Jasmine Norkunas Erdener is a doctoral candidate in the Annenberg School for Communication, specializing in gender and identity, digital media studies, and activism. She graduated with high honors from the Plan II program at the University of Texas at Austin. Her undergraduate thesis focused on Heresies, a feminist art collective and journal in the 1970s, and explored the interplay of text and image, pairing feminist thought with art history. As part of her research for the thesis, she conducted oral history interviews with several of the founding members of the journal.
She received her Master's degree with honors in Modern Humanities and French Literature from the Université Jean Moulin Lyon III in Lyon, France. The courses combined history and literature, and were linked to such visual mediums as painting, drawing, illuminated manuscripts, sculpture, and architecture. Her Master’s thesis examined comparative cultural constructions of post-war identity through literature, particularly masculine identity. She has worked as a language instructor for the French public school system, as a legal assistant specializing in global migration, and as a manager for the feline division of Austin Pets Alive.

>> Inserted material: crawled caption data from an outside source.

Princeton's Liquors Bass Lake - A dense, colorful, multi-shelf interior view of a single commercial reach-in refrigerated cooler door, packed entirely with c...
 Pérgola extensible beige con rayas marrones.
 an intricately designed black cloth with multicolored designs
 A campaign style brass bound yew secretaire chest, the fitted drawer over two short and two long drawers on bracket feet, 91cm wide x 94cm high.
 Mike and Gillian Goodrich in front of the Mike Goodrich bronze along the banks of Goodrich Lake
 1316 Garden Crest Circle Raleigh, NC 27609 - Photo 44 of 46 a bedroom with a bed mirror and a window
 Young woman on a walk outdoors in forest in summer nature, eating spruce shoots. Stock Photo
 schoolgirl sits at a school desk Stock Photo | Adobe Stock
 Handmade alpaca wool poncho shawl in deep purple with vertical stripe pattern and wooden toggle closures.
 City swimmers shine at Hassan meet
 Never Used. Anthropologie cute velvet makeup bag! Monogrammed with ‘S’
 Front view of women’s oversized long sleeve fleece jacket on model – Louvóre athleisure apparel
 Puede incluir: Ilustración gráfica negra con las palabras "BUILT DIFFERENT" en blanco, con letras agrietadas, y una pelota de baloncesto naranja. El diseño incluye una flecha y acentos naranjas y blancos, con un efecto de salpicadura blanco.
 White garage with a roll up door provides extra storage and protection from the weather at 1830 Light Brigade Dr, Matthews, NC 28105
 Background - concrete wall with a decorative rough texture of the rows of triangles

She has also been active in a number of nonprofit and political organizations.
Her current research is concerned with digital media, gender, and identity. In the ever-evolving landscape of visual culture and media communications, how are gender and identity constructions influenced by digital media? In what ways do modern digital and social media contrast with earlier notions of mass media? In the Balkanization of news and online interest groups, how are identity constructions in particular culture groups reinforced? Are there new distinctions between voluntary and involuntary consumption of cultural values?
Jasmine Erdener is a doctoral candidate at the Annenberg School for Communication.